> [Task to carry out]: At the line that holds "1572 WILSON Ct, Eugene, OR 97402", start repeating, and keep going exactly through the final line of the material; include both ends and skip the pictures.
[[ Working data, beginning ]]
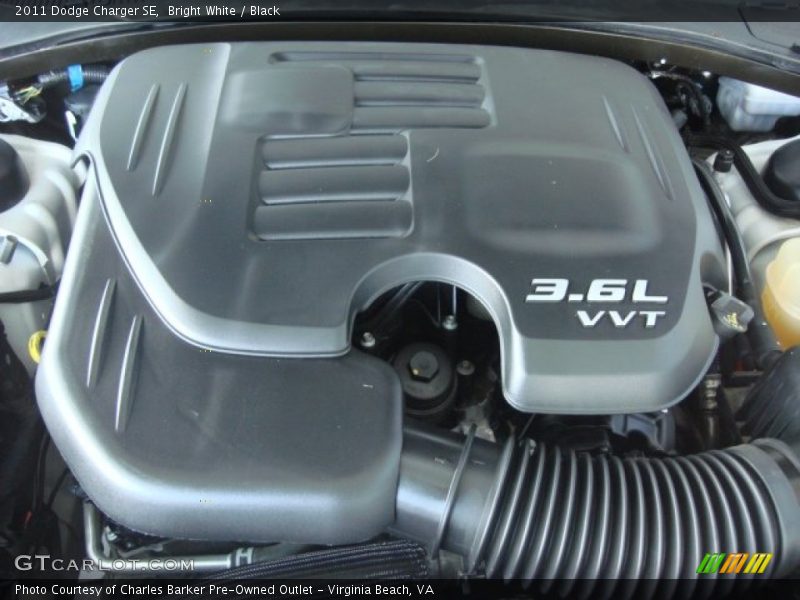 Bright White / Black 2011 Dodge Charger SE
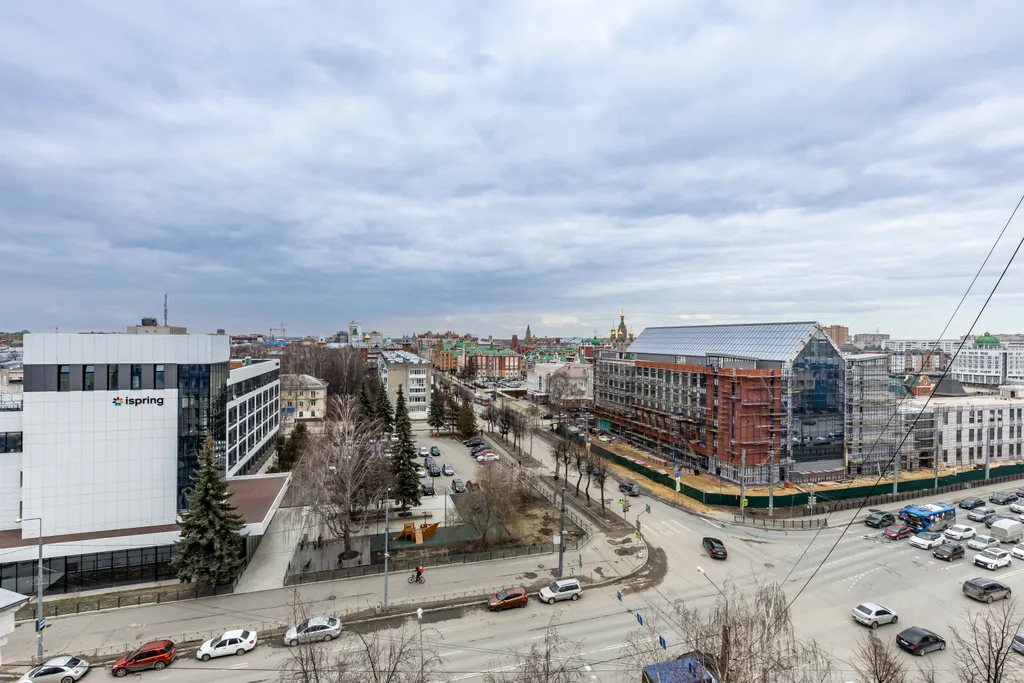 Просторная квартира на 9 этаже с видом на набережную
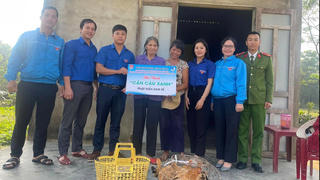 Trao 'cần câu' giúp người nghèo vươn lên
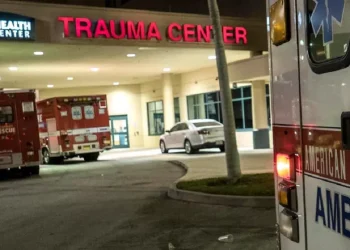 Intentaba atrapar pelotas de golf en un lago y murió ahogado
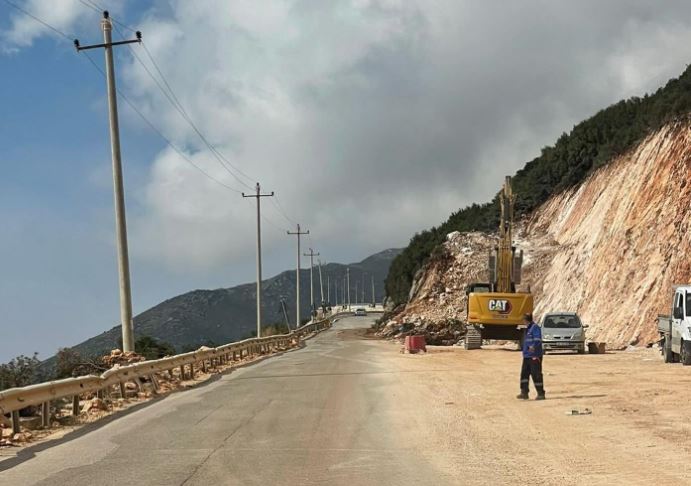 “Qarkullimi i mjeteve vijon normalisht”, ARRSH: Kryhet shpërthimi i kontrolluar në dalje të tunelit të Llogarasë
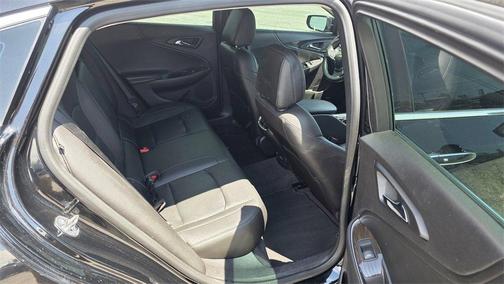 2017 Chevrolet Malibu Premier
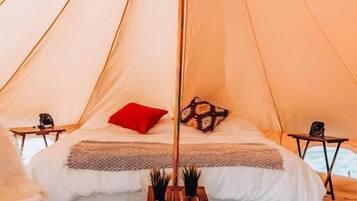 Tent | 1 bedroom, bed sheets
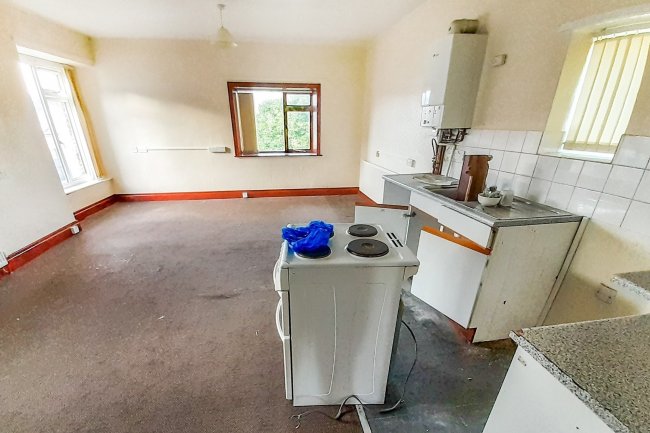 210a Oakworth Road, Keighley, West Yorkshire BD21 1QX
 3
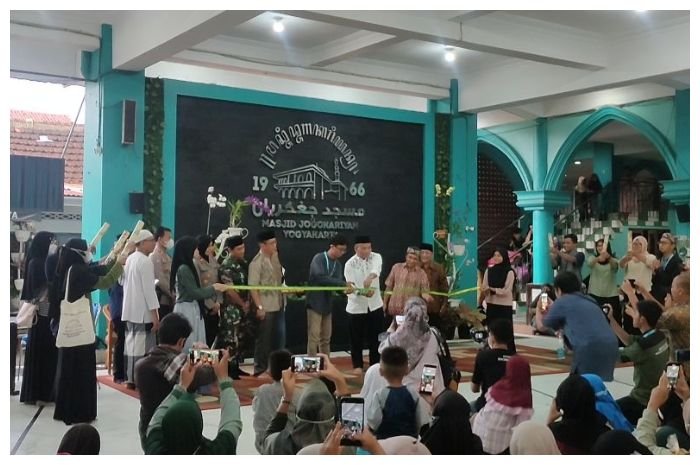 Plt Walikota Yogyakarta Sumadi resmi membuka Kampung Ramadhan Jogokariyan (KRJ) Kamis, 23 Maret 2023.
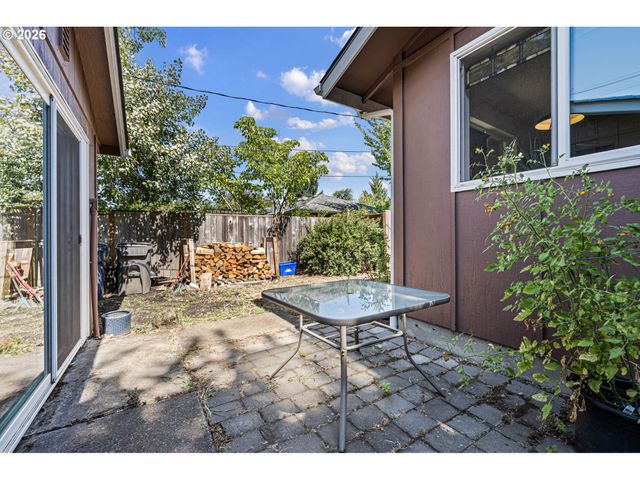 1572 WILSON Ct, Eugene, OR 97402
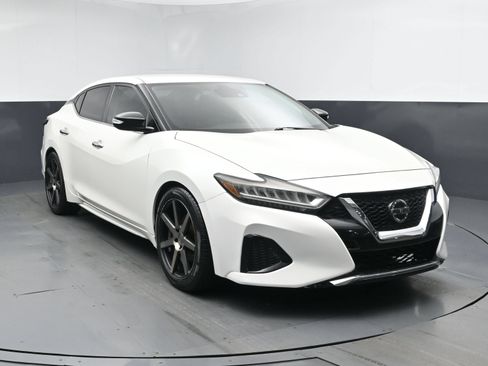 Used 2020 Nissan Maxima 3.5 SV w/ Floor Mat Group FWD image 2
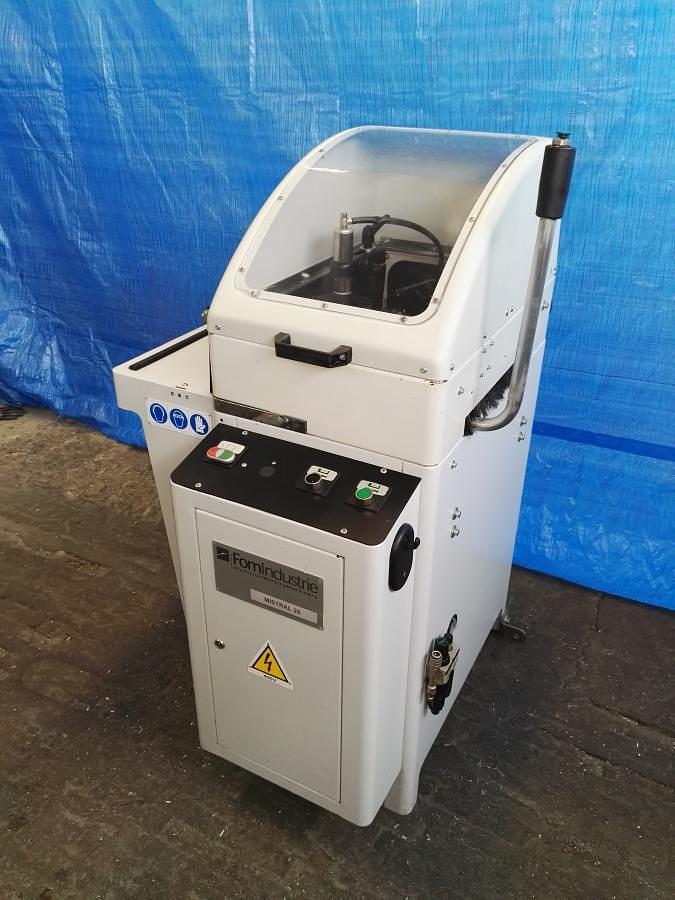 Used POLE MILLING MACHINE FOM INDUSTRIE MISTRAL 26 YEAR 2007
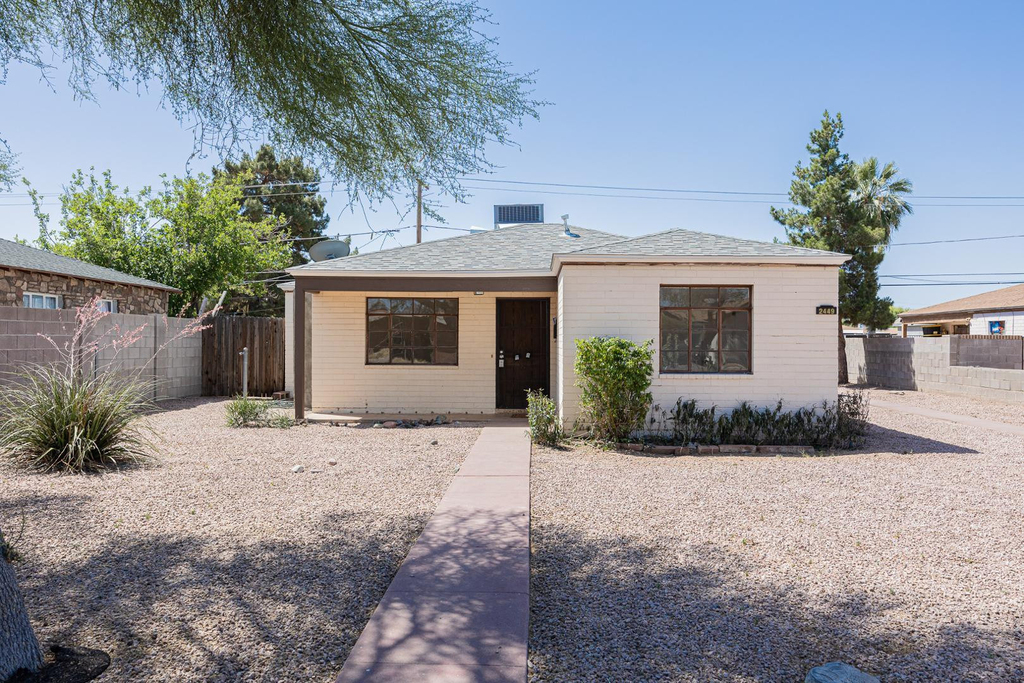 2449 E Fairmount Avenue - Photo 1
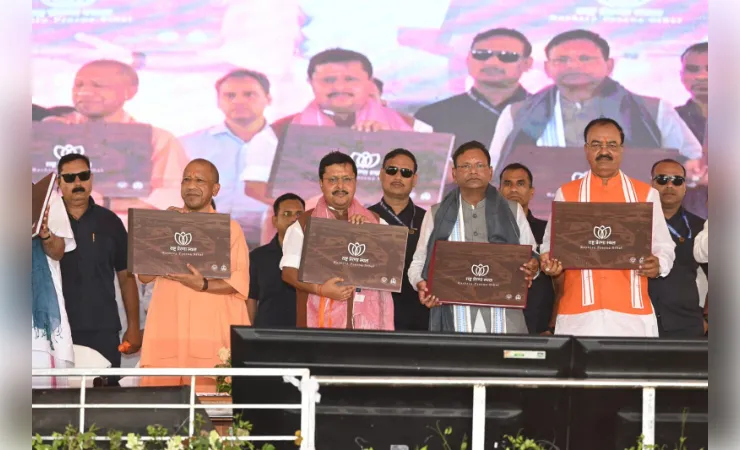 सीएम योगी आदित्यनाथ ने राष्ट्र प्रेरणा स्थल की कॉफी टेबल बुक का किया विमोचन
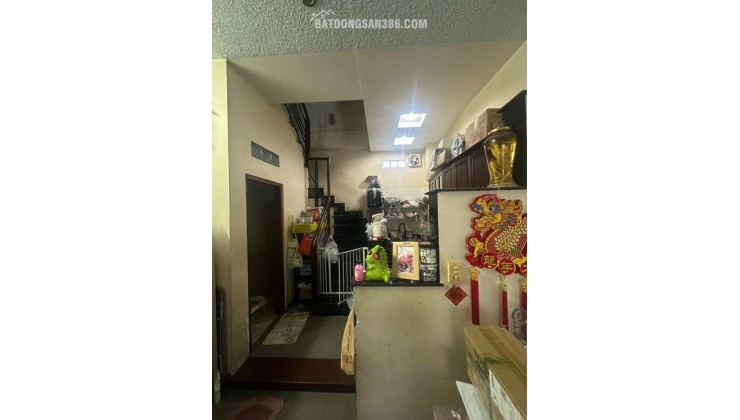 NHÀ 3 LẦU MÁI CHE THANG BTCT - HẺM ÂU DƯƠNG LÂN P3, Q8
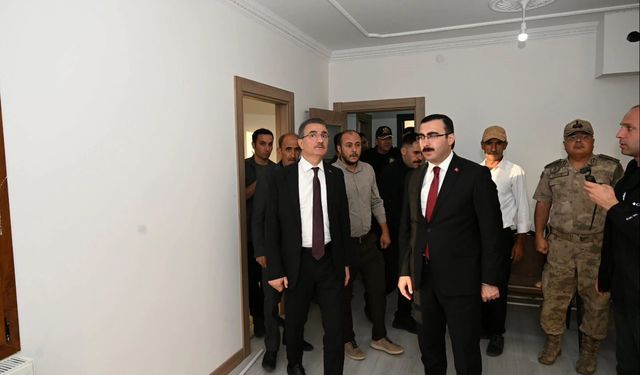 Vali Baruş, Çat'ta yapımı tamamlanan deprem konutlarını yerinde inceledi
[[ Working data, end ]]
> [Written reply]:
 1572 WILSON Ct, Eugene, OR 97402
 Used 2020 Nissan Maxima 3.5 SV w/ Floor Mat Group FWD image 2
 Used POLE MILLING MACHINE FOM INDUSTRIE MISTRAL 26 YEAR 2007
 2449 E Fairmount Avenue - Photo 1
 सीएम योगी आदित्यनाथ ने राष्ट्र प्रेरणा स्थल की कॉफी टेबल बुक का किया विमोचन
 NHÀ 3 LẦU MÁI CHE THANG BTCT - HẺM ÂU DƯƠNG LÂN P3, Q8
 Vali Baruş, Çat'ta yapımı tamamlanan deprem konutlarını yerinde inceledi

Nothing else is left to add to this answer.